A personal assistant for each person in the enterprise
AI can deliver a personal assistant not just for a company’s executives, but for every employee in every role. If a designer in the Palo Alto office and an engineer in the Bangalore office both ask the system to show them “those slides” at the same time, then the AI should understand enough about the context of those two requests to present the designer and the engineer with slide decks that are relevant to each of them individually.
Cases where personalization makes a significant difference aren’t hard to find. Suppose you are a new employee starting out at a company. When you ask your AI work assistant to help with “onboarding,” you expect the assistant to understand that you are filling a particular role on a particular team in a particular department. You want the assistant to find you documents that are appropriate for your situation. As an engineer, you might have access to onboarding documents from several engineering teams. You might even have access to onboarding documents from other departments, like product and sales. But it would not be appropriate for the assistant to present you with a random selection of all the onboarding documents you have access to. It should use reasonable judgement to show you things you might actually need. At the same time, it should be smart enough to understand your intent if you ask for “sales onboarding documents” instead.
Large companies with office locations around the world offer unique challenges and opportunities for personalization. An employee in the Ireland office might search for “employee benefits” and expect to find documents and information that are completely different from those expected by an employee in the Beijing office. Similarly, a U.S. employee searching for a “holiday schedule” might expect to see documents related to North American holidays ranked higher than those relating to holidays elsewhere.

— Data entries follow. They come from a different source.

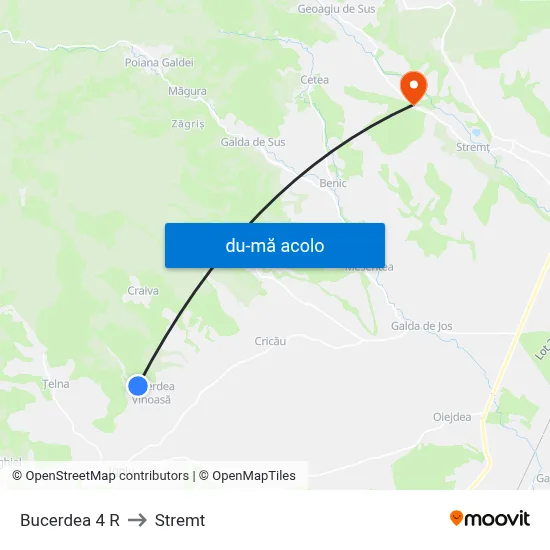 Harta de Bucerdea 4 R către Stremt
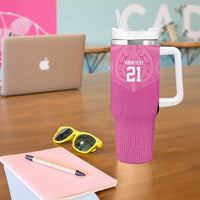 New Zealand Custom Tumbler With Handle Fire Basketball Maori Tribal Pink - Polynesian Pride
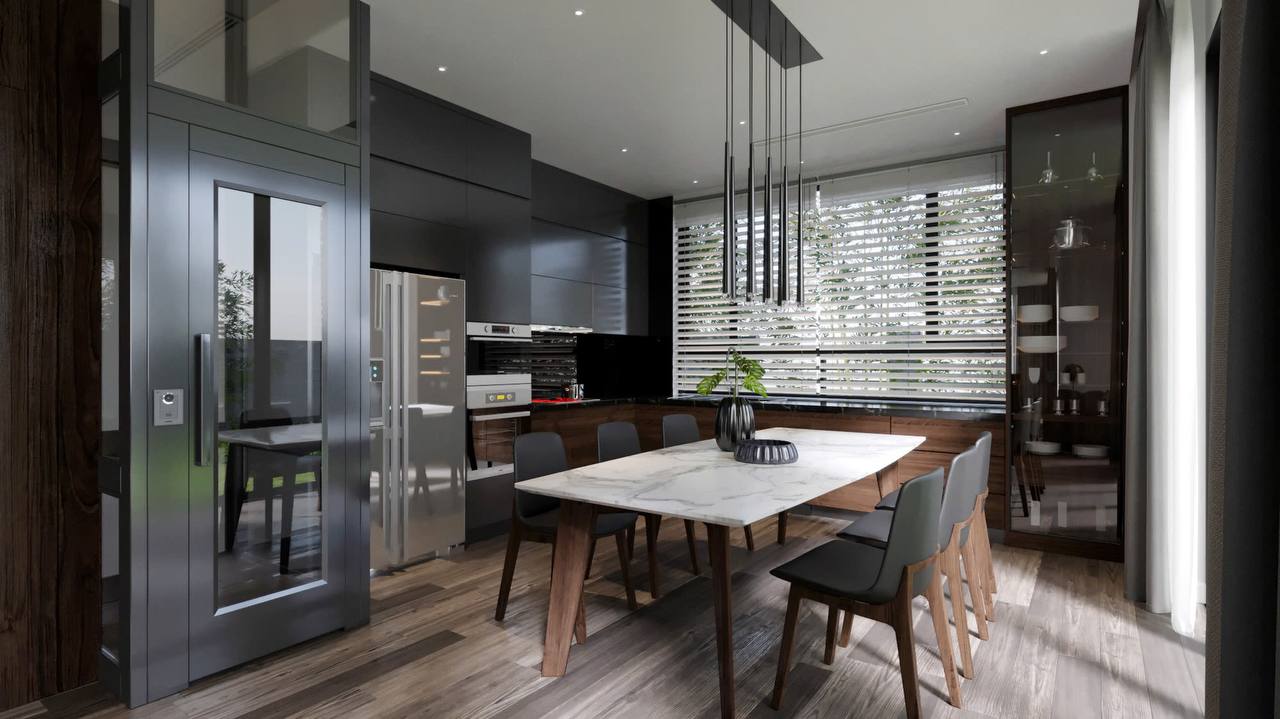 Bếp phòng ăn góc 2 - bàn marble, vách kính, tủ lạnh âm, tủ bếp tối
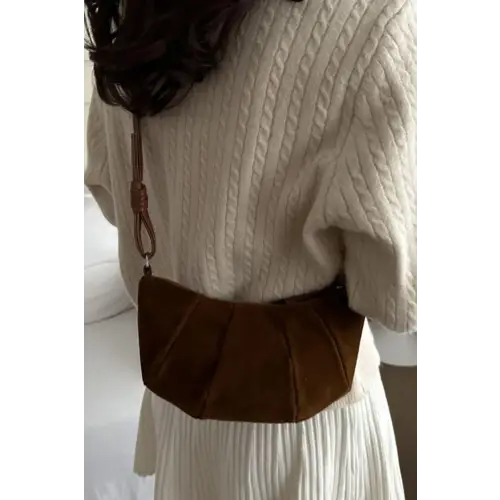 Iconic Suede Croissant Shape Shoulder Bag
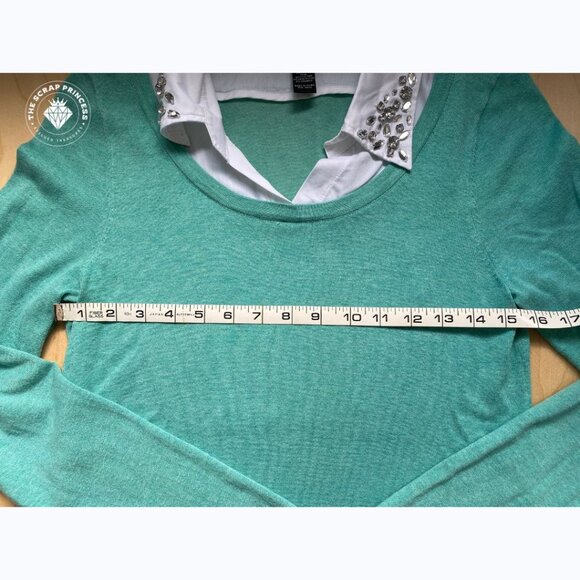 INC International Concepts Teal Layered Look Tunic with Rhinestone Collar M - Picture 6 of 8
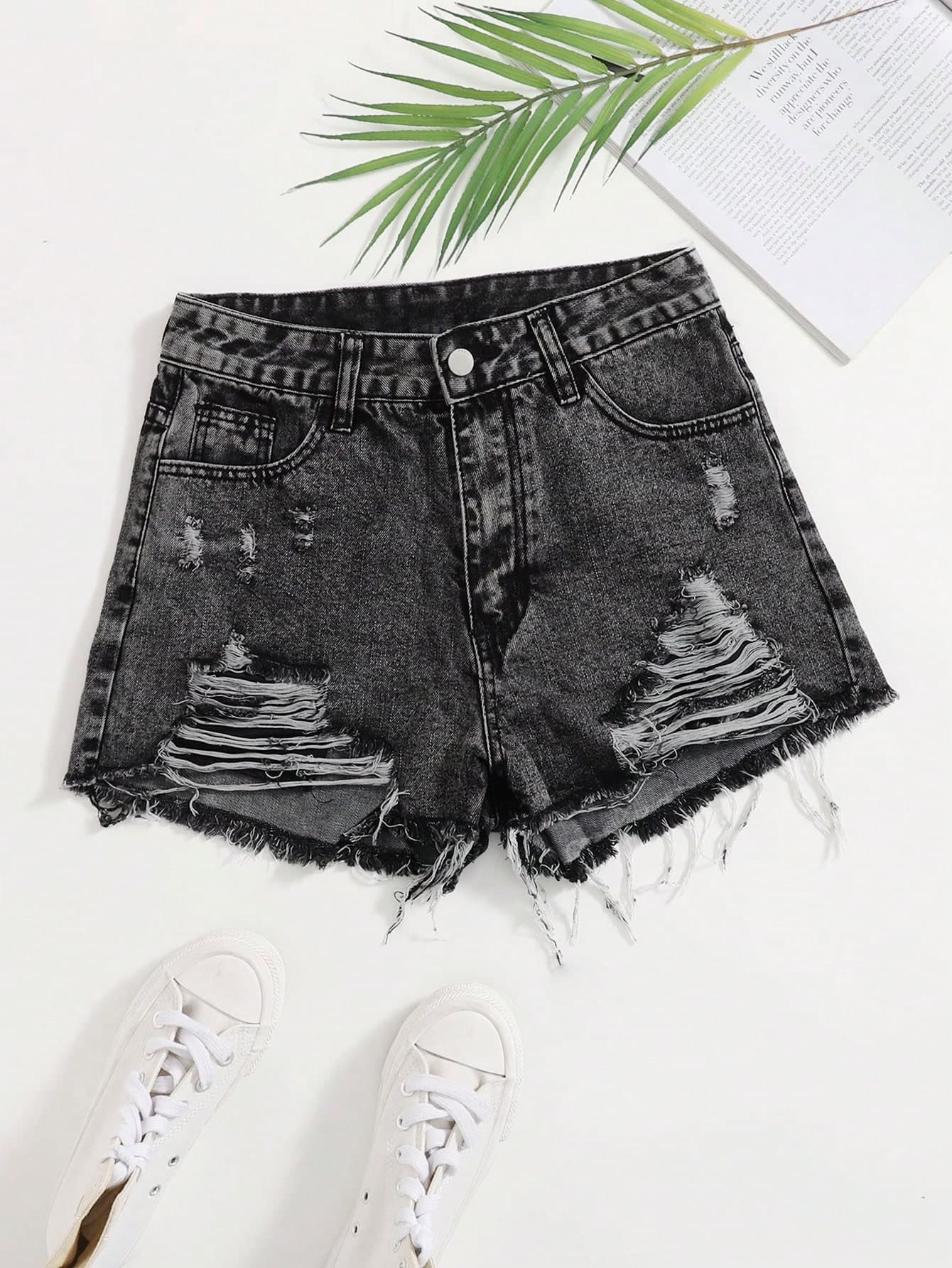 GlowEve Casual Washed Ripped Frayed Hem Denim Shorts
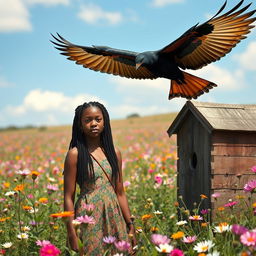 In a field with beautiful blooming flowers, a black teenage African girl with locs stands proudly next to a beehive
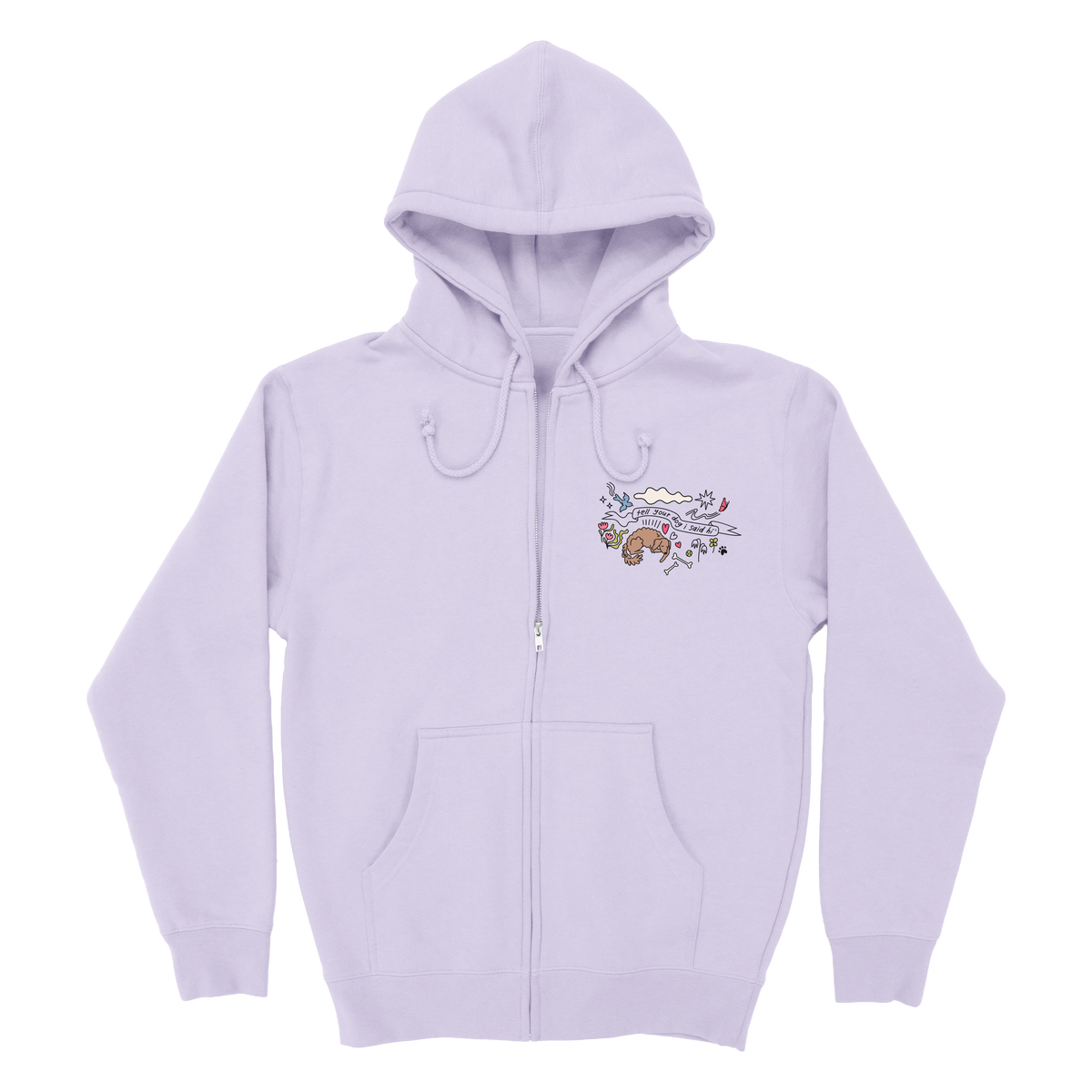Community Doodle Zip Hoodie - Lavender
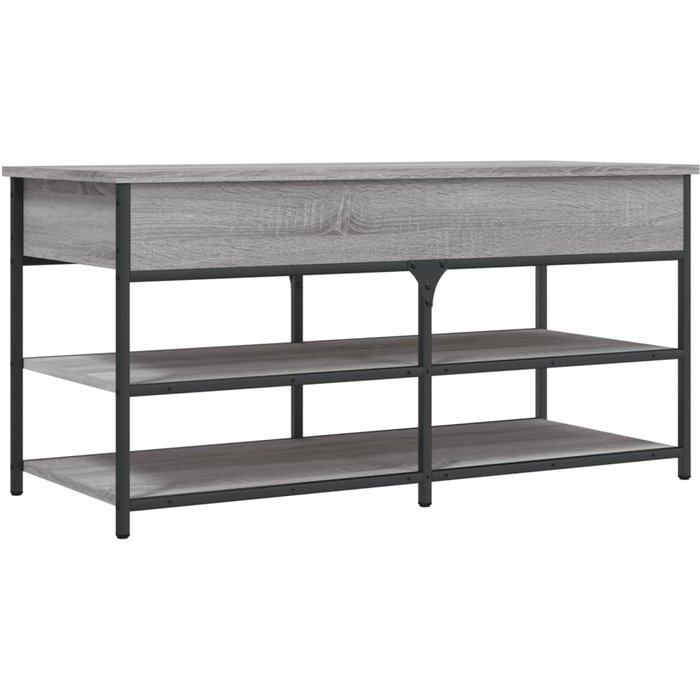 Banco zapatero madera de ingeniería gris sonoma 100x42,5x50 cm - comfortxl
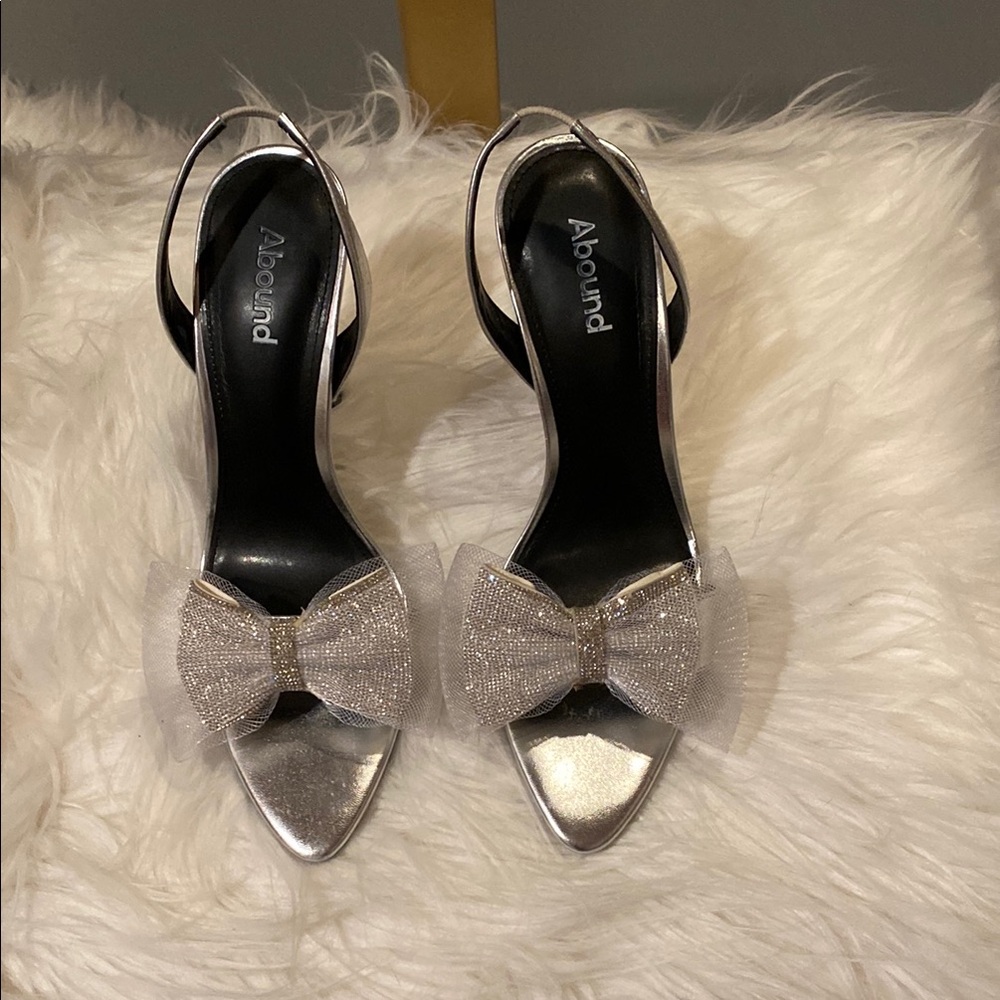 Abound Silver Peep-Toe Heels with Slingback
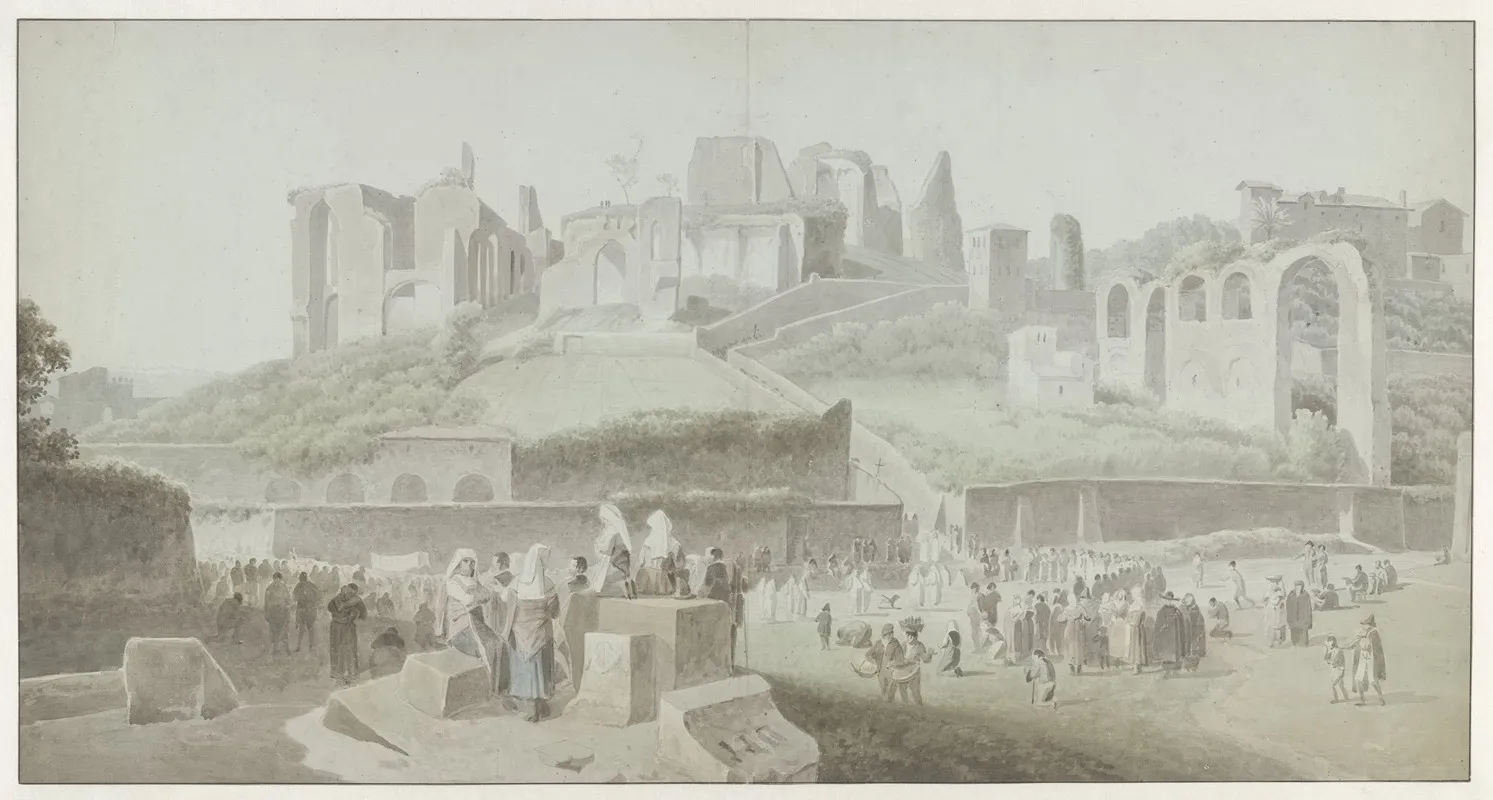 A Procession At The Foot Of The Palatine Hill In Rome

No two people do the same work, have the same needs, and discover the same resources at the same time, so an AI work assistant that can’t tailor its behavior to each user’s needs is a nonstarter. Even for just one user, interactions with an assistant are expected to evolve over time. If you get back from a week of vacation and ask the assistant what you missed, then the answer should be personalized—not just for you, but for you and your return from this particular vacation at this exact time.
Personalization, therefore, can’t be an afterthought in the design of an AI work assistant. It has to be a core component of the system. We at Glean have embraced this insight from the very beginning and have found it to be the key to providing the most relevant results to our users.